While the real estate industry has witnessed a slowdown in sales over the last couple of years and is currently running on high unsold inventory, the quarterly house price index (HPI) compiled by the Reserve Bank of India for 10 major cities over the last four years based on actual registered transactions shows that the prices have been constantly rising though the pace of rise has declined over the last one year.

The index prepared by the RBI covered Mumbai, Delhi, Chennai, Kolkata, Bangalore, Lucknow, Ahmedabad, Jaipur, Kanpur and Kochi.

According to the index while the price rise between April 2011 and December 2012 stood at over 20 per cent, the next five quarters till March 2014 witnessed a decline in the pace of price rise as it came down to around 10 per cent with the slowest being 10.5 per cent in the festive season last year between October and December 2013.

“The pace of growth in the average house prices slowed in 2013-14 at 12.7 per cent, plausibly reflecting a correction in trends on the back of subdued demand. For the latest Q4 of 2013-14 quarter, the y-o-y increase in the House Price Index at the all-India level was 11.4 per cent compared to 10.5 per cent in the preceding quarter,” said RBI in its report.

The trend however varies significantly across various cities with housing prices rising sharply in some while others face a shrinkage.
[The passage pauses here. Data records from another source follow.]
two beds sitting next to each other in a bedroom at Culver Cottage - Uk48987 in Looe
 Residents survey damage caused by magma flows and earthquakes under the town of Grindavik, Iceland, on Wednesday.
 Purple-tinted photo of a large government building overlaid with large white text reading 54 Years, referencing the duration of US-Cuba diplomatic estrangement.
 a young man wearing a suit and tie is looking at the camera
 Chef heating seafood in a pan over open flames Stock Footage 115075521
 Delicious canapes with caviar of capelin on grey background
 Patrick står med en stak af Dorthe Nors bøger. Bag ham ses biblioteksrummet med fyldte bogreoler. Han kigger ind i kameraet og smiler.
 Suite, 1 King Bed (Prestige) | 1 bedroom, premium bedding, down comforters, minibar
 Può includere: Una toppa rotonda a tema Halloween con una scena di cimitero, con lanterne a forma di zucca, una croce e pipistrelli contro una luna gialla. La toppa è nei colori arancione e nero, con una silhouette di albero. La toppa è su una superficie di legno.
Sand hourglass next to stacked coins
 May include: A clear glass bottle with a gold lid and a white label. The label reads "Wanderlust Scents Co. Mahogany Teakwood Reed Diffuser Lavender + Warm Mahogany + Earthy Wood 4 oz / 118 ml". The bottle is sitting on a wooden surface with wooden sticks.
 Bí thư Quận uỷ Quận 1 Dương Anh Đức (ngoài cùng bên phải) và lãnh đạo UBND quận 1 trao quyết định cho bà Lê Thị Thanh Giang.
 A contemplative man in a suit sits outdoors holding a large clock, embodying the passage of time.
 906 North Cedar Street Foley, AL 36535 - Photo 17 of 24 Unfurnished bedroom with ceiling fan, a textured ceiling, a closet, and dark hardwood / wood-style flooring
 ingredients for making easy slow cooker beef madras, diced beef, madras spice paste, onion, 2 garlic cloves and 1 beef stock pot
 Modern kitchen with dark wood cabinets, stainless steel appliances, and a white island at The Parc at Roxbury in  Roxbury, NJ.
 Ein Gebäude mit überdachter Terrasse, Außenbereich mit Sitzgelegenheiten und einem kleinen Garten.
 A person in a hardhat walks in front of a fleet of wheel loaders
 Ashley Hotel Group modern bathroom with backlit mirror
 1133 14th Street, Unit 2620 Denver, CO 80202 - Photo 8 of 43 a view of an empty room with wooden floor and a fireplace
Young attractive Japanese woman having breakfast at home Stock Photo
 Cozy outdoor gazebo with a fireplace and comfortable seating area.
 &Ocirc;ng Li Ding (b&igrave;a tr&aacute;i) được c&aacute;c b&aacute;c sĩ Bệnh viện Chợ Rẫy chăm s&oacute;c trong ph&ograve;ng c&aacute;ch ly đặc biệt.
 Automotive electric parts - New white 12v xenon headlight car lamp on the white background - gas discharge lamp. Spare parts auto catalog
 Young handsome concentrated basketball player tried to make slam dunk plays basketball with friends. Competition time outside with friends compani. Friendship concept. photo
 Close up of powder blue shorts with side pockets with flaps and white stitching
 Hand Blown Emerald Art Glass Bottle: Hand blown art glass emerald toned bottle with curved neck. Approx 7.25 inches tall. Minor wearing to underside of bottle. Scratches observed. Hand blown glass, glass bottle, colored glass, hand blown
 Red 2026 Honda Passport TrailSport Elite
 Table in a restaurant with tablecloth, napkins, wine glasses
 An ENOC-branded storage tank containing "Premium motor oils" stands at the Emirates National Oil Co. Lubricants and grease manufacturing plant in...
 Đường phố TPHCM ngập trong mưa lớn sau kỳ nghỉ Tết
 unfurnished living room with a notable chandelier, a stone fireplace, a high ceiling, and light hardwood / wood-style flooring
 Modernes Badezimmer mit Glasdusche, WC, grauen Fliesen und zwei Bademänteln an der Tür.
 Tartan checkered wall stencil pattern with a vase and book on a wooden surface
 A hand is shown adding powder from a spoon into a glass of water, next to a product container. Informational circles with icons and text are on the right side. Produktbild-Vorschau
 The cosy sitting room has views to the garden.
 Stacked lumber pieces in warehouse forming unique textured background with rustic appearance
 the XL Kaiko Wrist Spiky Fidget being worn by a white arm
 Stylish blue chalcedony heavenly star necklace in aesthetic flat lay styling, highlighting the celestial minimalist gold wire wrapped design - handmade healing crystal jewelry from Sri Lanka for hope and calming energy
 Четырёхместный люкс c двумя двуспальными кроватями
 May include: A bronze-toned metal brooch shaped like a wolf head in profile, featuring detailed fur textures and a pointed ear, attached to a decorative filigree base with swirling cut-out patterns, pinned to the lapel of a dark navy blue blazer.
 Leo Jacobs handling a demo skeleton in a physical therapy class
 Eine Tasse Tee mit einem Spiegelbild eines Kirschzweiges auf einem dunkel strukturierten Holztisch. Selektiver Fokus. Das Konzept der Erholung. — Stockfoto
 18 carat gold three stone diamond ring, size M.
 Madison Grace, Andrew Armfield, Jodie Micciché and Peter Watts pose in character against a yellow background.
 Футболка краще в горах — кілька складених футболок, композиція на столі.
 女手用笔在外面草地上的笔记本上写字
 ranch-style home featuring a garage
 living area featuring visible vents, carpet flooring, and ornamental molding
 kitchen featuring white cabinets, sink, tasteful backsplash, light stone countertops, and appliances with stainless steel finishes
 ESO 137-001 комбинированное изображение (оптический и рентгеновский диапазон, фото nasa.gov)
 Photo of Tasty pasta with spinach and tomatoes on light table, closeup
In the financial year 2013-14 while the prices strengthened in Kochi, Chennai, Lucknow and Bangalore, the two major metros Delhi and Mumbai saw a decline in the pace of price rise. In the quarter ended March 2014 the housing prices in Delhi rose by just 6.1 per cent over the same quarter last year, whereas that in Mumbai rose by 7.6 per cent. The prices remained flat in Kolkata in the quarter ended March 2014 but those in Kanpur and Jaipur saw a shrinkage in the prices with Kanpur witnessing a correction of 13.8 per cent and Jaipur 7.3 per cent.

While the RBI data shows the housing price story till March 2014, a recent report released by real estate consultancy Knight Frank also shows that the major real estate markets such as national capital region (NCR), Bangalore, Chennai, Pune and Hyderabad saw the continuation of declining demand as their absorption rates declined between 14 per cent and 37 per cent.

While new launches in the first half of 2014 fell by 32 per cent over that of H1 2013, the sales volume in the period dropped 27 per cent.

The report pointed that a low absorption has resulted into rise in the unsold inventory across the country. The unsold inventory for MMR by the end of June 2014 stood at 213,742 units whereas for the NCR region it stood at 1,67,000 units. Over the last three years the unsold inventory in NCR has risen at a compounded annual growth rate of 15 per cent.

The report however, projects that sales volume in the second half of the calendar year 2014 may rise by 26 per cent on account of the change in overall sentiments after the government announced sops for the housing sector in the budget 2014-15 and economy’s growth rate has risen.